Em contraciclo e já não podendo invocar desconhecimento sobre a gravidade do Convid e a emergência da questão de saúde pública, Nuno Lobo, Presidente da Associação de Futebol de Lisboa, manifestou-se contra o cancelamento dos campeonatos das equipas de formação, tal como fora decidido pela Federação Portuguesa de Futebol. Segundo mesmo, a vir a existir tal cancelamento, este deverá atender aos “interesses desportivos” e aos “interesses financeiros” dos clubes da capital. Pelos vistos, para a Associação de Futebol de Lisboa, os ditos interesses económicos devem prevalecer sobre a saúde de crianças e adolescentes.

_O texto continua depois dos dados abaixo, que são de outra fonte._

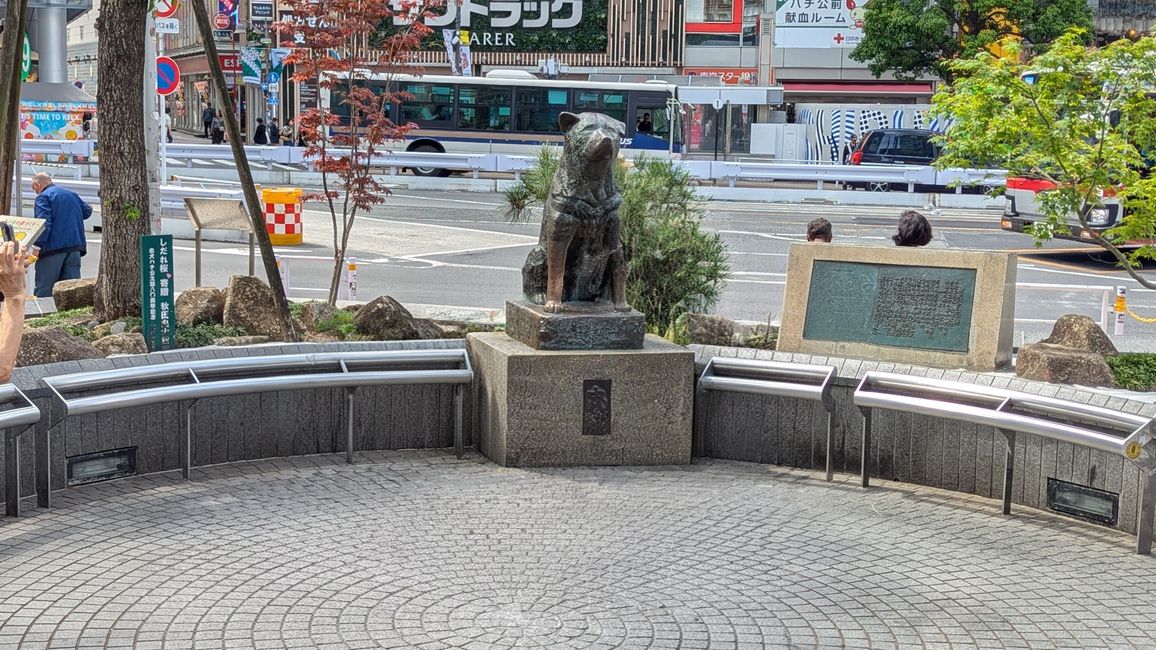 Sightseeing in Shibuya und Shinjuku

Se em todas as crises há sinais de esperança, muitas delas, também servem para a verdadeira natureza de cada um se demonstrar. E a verdade é que, diga-se o que se disser, mesmo a dita esperança floresce melhor quando vemos a realidade como ela é. Ainda que não gostemos dela. Direi até que principalmente nestas ocasiões porque, como escreveu um dia Nietzsche, é preciso o caos para se gerar uma estrela.
Que a estas trevas se suceda a luz e que até lá o caminho seja trilhado com respeito pela dignidade e saúde de todos, incluindo os jovens desportistas. De novo, mais não se exige mas menos não se aceita.
A autora escreve de acordo com a antiga ortografia.